For graphic designer Erik Schmitt, the fall 2017 issue of the Public Press was news he could use.
As a fellow at the Yerba Buena Center for the Arts, he was undertaking the monumental task of “finding and empowering truth.” Schmitt was pondering this tall order when inspiration fell into his lap.
In that issue, which focused on potential solutions to homelessness, your humble narrator penned an article titled “No Vacancy For the Homeless,” regarding the high number of residential hotel rooms in San Francisco that sit empty while thousands of people remain unsheltered. Data revealed some of the most sparsely inhabited hotels in the city, including a handful that were completely empty. For decades, these hotels provided affordable housing for workers, pensioners and the poor.

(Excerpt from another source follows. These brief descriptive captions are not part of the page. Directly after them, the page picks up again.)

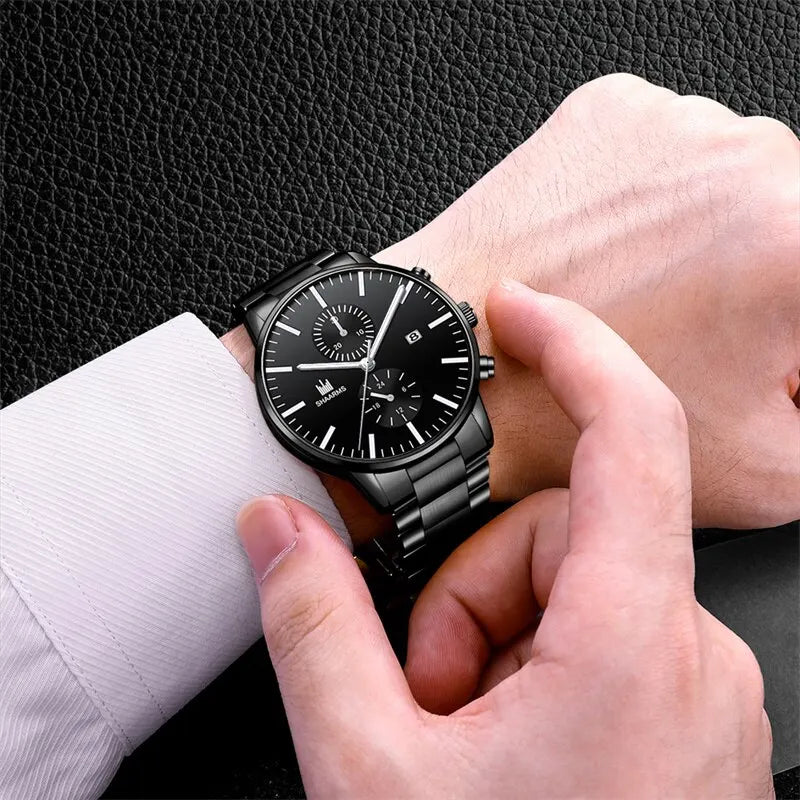 Men Fashion Quartz Watch Stainless Steel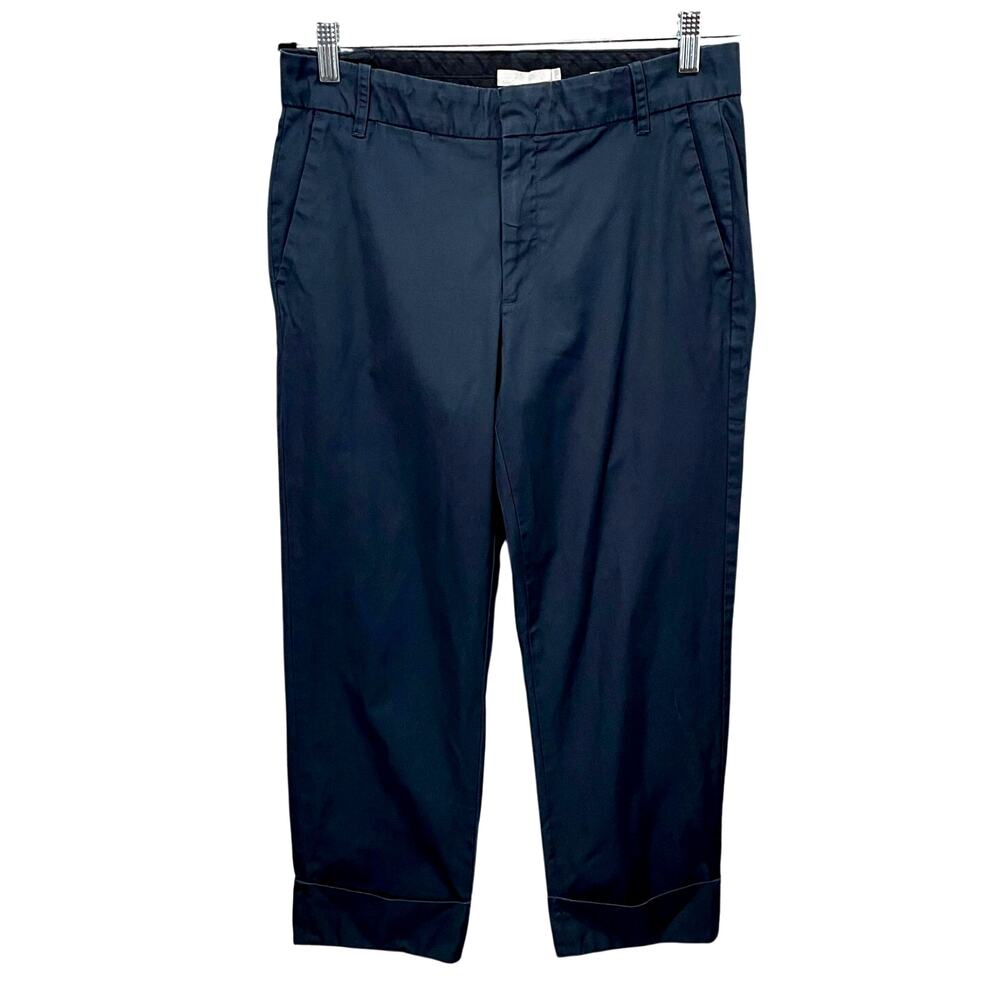 Vince Cropped Chino Trousers Navy Blue Women's Size 8 Ankle Pant Office Chic
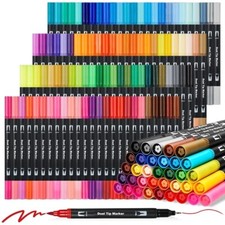 100 Colors Dual Tips Brush Art Pens, Watercolor Paint Coloring Art Markers Set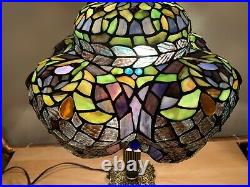 Unusual Tiffany Style Stained Glass Lamp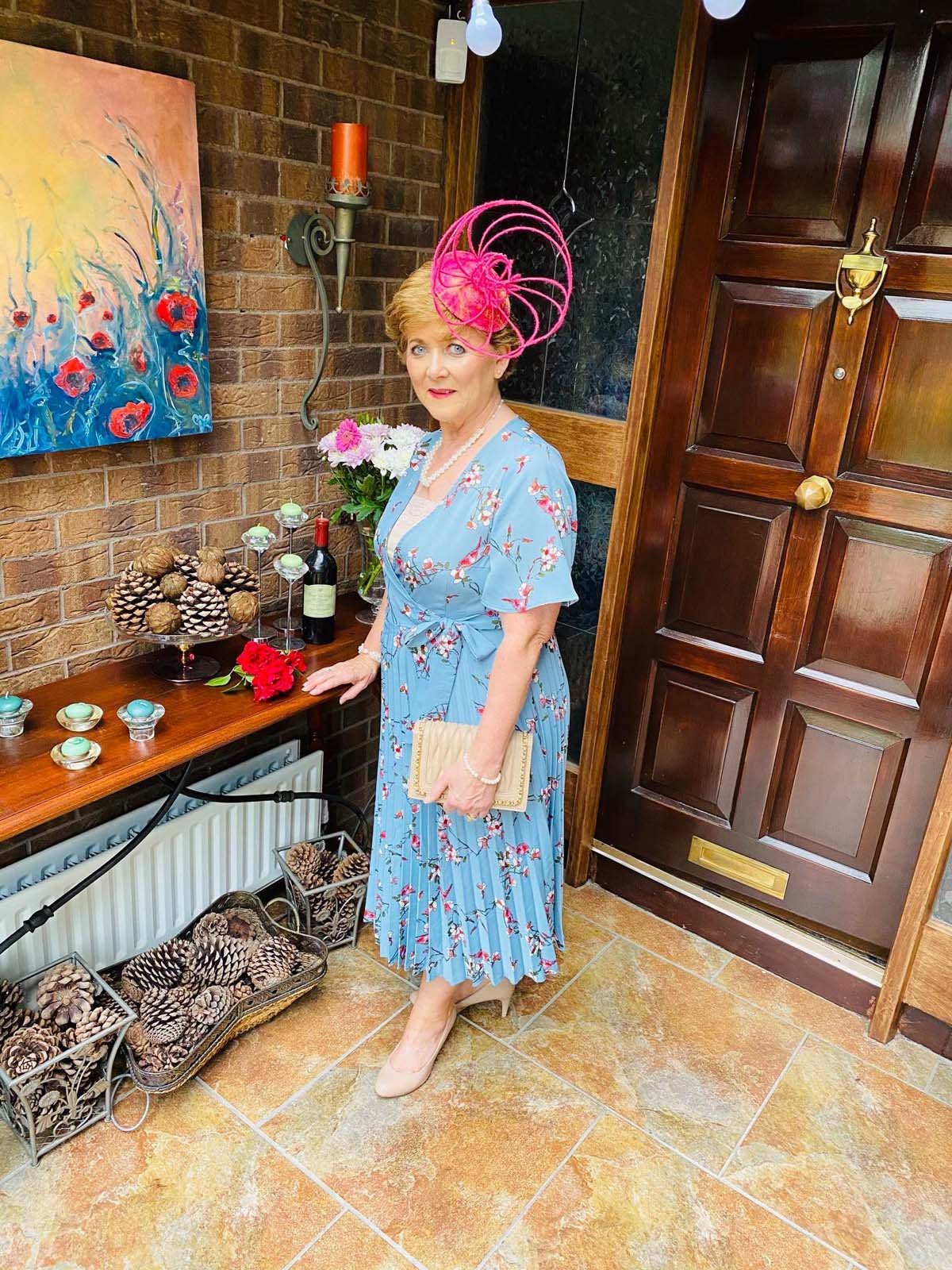 Ballinrobe Races Virtual Ladies Day - Margaret O' Rourke wearing Irish Designer Saraden Designs Millinery Atelier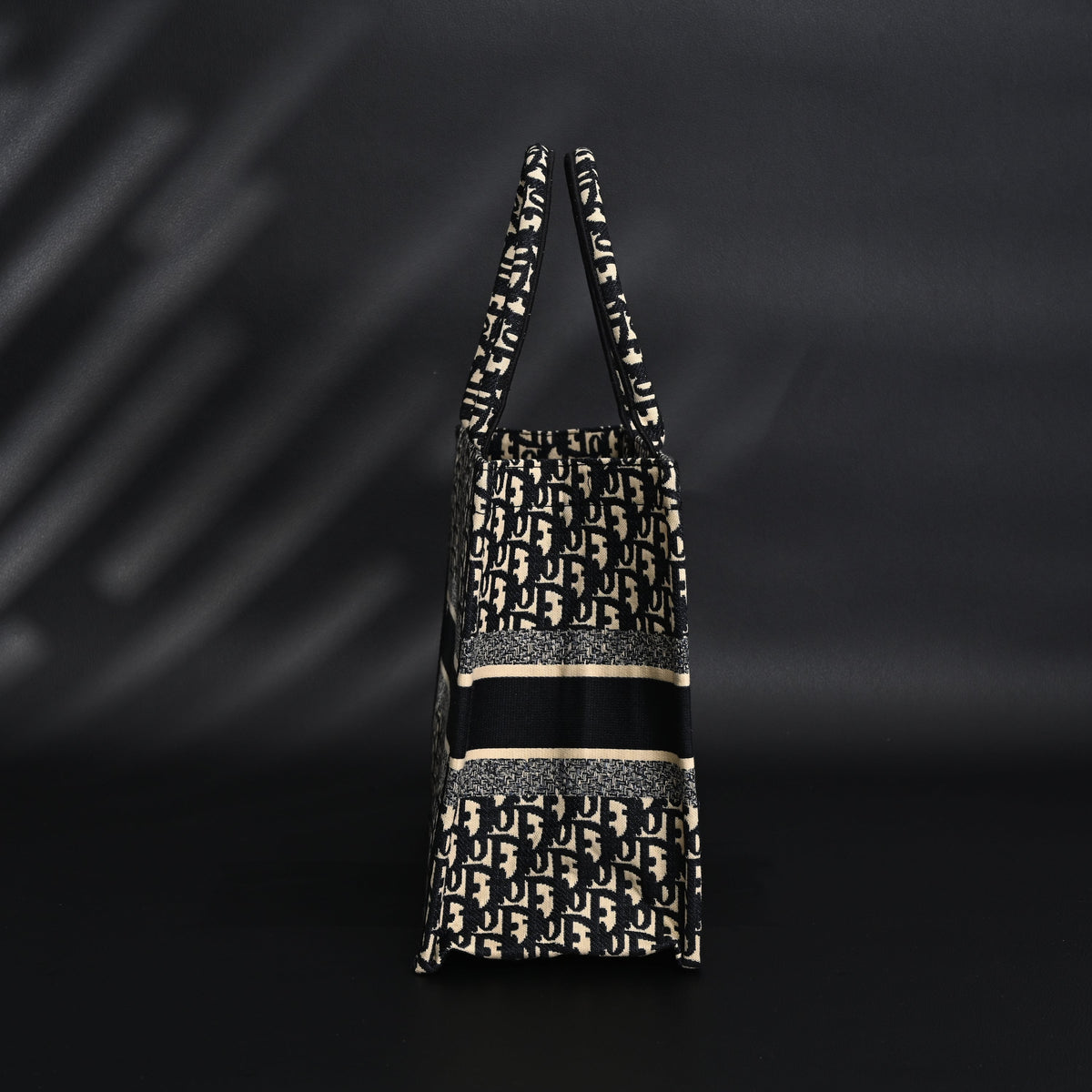 christian-dior-medium-book-tote-black-oblique-embroidery Tote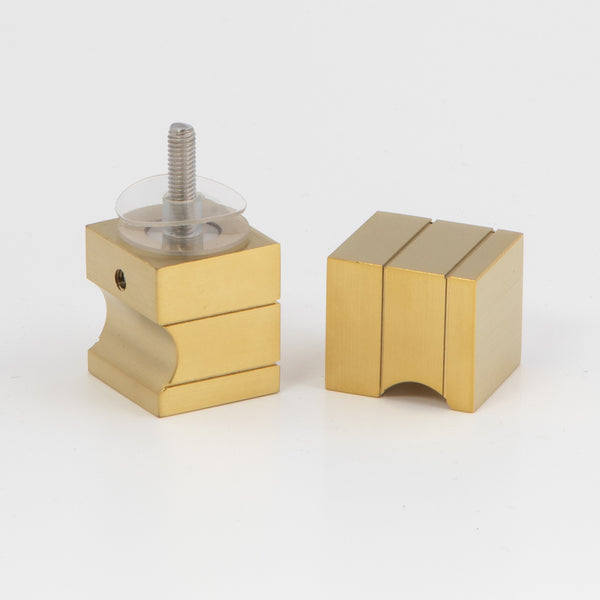 Square Door Knob Brushed Brass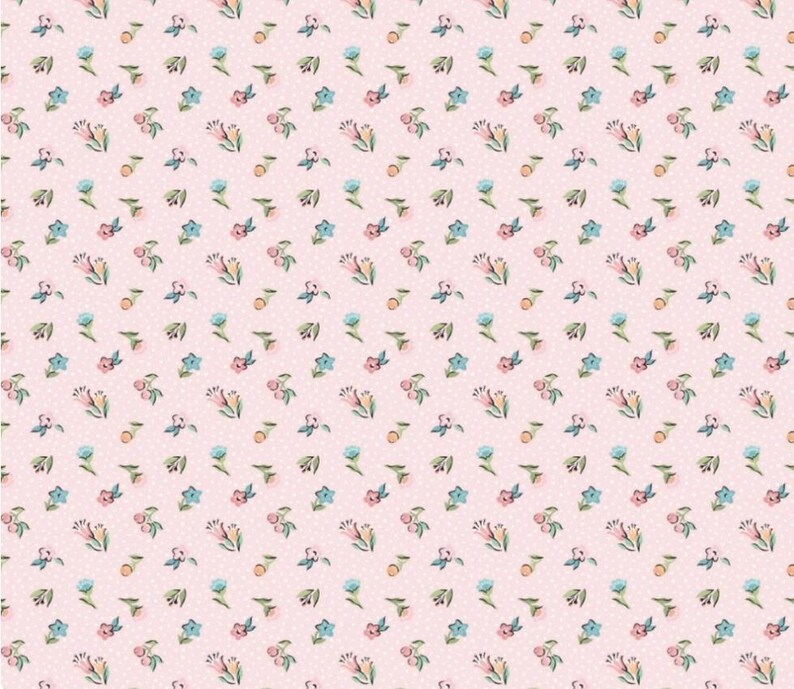 May include: A seamless pattern featuring a repeating design of small pink, blue, and yellow flowers on a light pink background with white polka dots.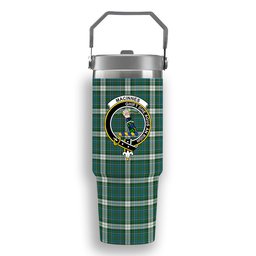 ScotsTee Shop Scottish MacInnes Dress Ancient Crest Tartan Flip Straw Tumbler 20oz 30oz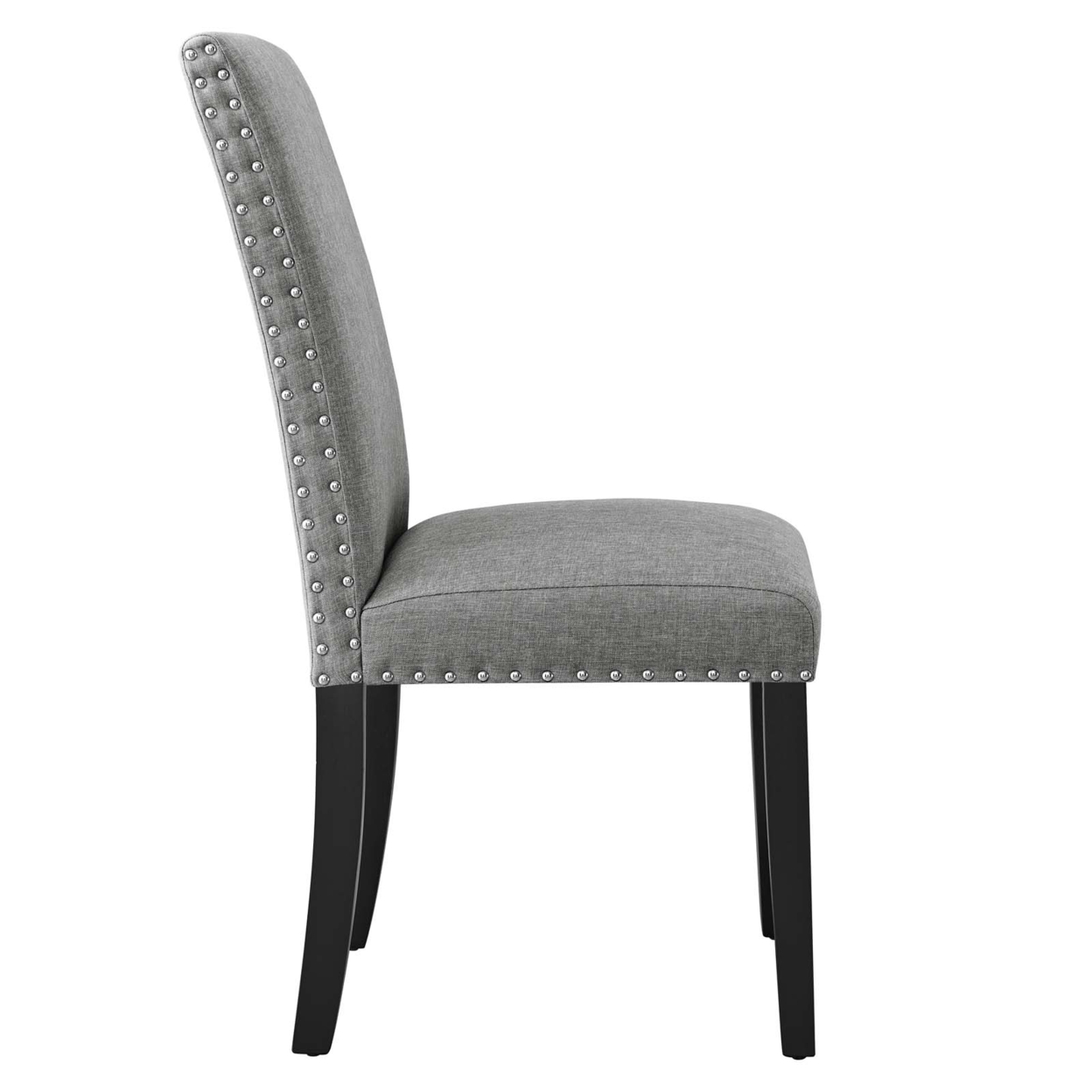 Parcel Dining Upholstered Fabric Side Chair, Light Gray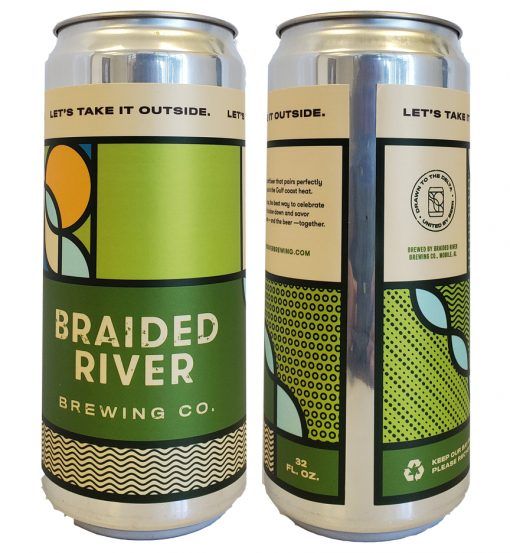 Two Braided River Brewing Co. beer cans, front and back, with green and cream label designs.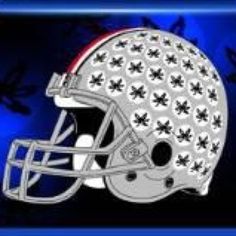 an american football helmet with fleurons on it is shown in blue and white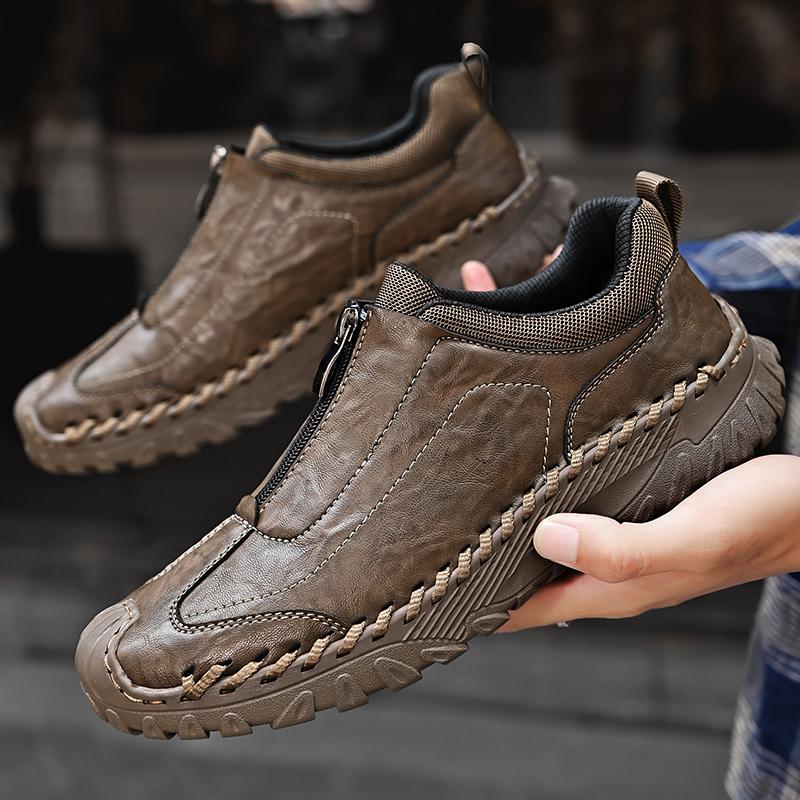 Fashion Classic Zipper Loafers Casual Leather Shoes Men New Fashion Mens Sneakers Handmade Male Oxford Shoes Walking Footwear Sneakers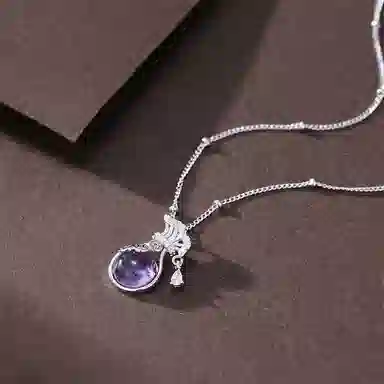 【S925银 福气满满】 七七银饰 如意福袋 招财纳福新中式有钱花 国风复古转运纳福 时尚百搭轻奢优雅气质 好运 天然 紫水晶 项链 女款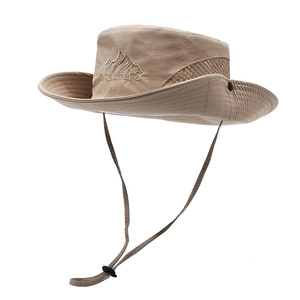 Outdoor khaki sun hat with wide brim, Travellers mountain embroidery and chin strap
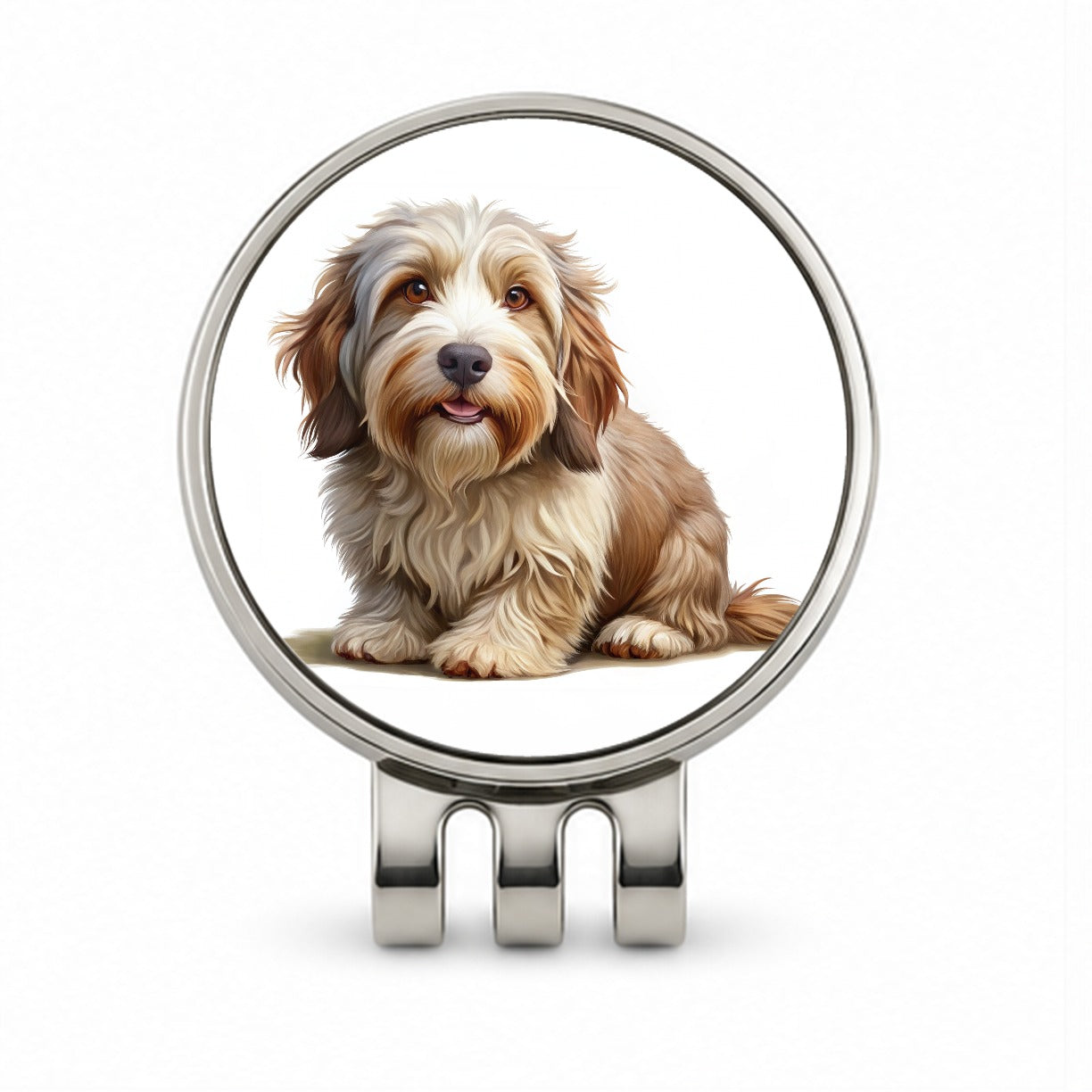 Petit Basset Griffon Vendeen Dog Illustration Golf Hat Clip with Ball Marker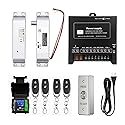Electric Drop Bolt Lock with 4 Remote Controls Fail Secure Door Access Control Kit with Power Supply and Exit Button Easy DIY Install for Home/Office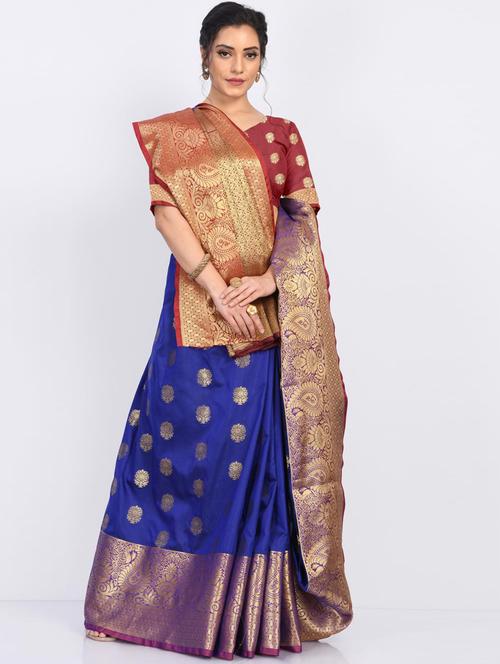 jacquard work woven saree with blouse - 18185063 - Very Small Image - 1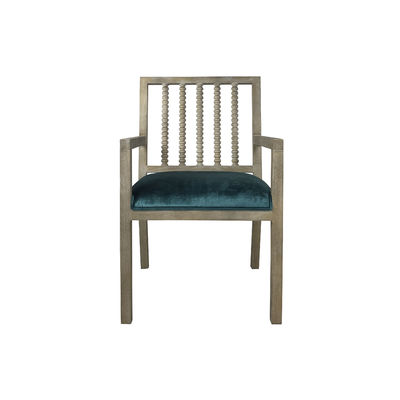 Vintage Lounge Chair with Lattice Back, Armrests, and Plush Velvet Upholstered Cushion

That resonated with Schmitt, a partner and creative director at Studio1500 and a past Webby award winner. For his art “intervention,” he designed and printed up half a dozen labels resembling the nutritional information on any box or package of food and headed off into the city. But instead of listing vitamins or calories or fat, these labels cited “Housing Displacement Facts,” such as “unoccupied rooms” and percentages “left vacant.” In each of the six buildings selected, the vacancy was 100 percent.
And so, Schmitt slapped the labels on six single-room occupany (SRO) hotels listed with the city: 1507 California St., 56 Mason St., 149 Sixth St., 1412 Market St., 706 Polk St., and 1485 Bush St.
Some were boarded up and seemingly forgotten. But not all. The former New Pacific Hotel at 706 Polk, which Department of Building Inspection statistics had for years indicated was a vacant, 29-room residential hotel, has been reborn as the Hotel Epik, Tboutique establishment boasts “complimentary high-speed WIFI, bottled water, snacks, Nespresso coffeemaker, a safe, luxury bath products courtesy of Temple Spa.”
Over at 1485 Bush St., which Building Inspection had categorized until recently as an empty, 13-room single-room occupancy hotel, you’ll now find the Calista, which bills itself as an “organic hotel.” Its website emphasizes “organic products and processes” aimed at global jet-setters who “value authenticity.”
Schmitt wandered past transients and delivery people and construction workers to post his labels. He figures they didn’t stay up very long, but hopes they caught some eyes while they were around.
“I didn’t want to present an art project to a roomful of artists and people who like art,” he explained. “I wanted to put something out in the world. And if people see it, who knows? Maybe it’ll spark something. Maybe they’ll think differently. It opens your mind to the larger issue of just needing more physical space. It’s just one problem of many. But it’s a big one.”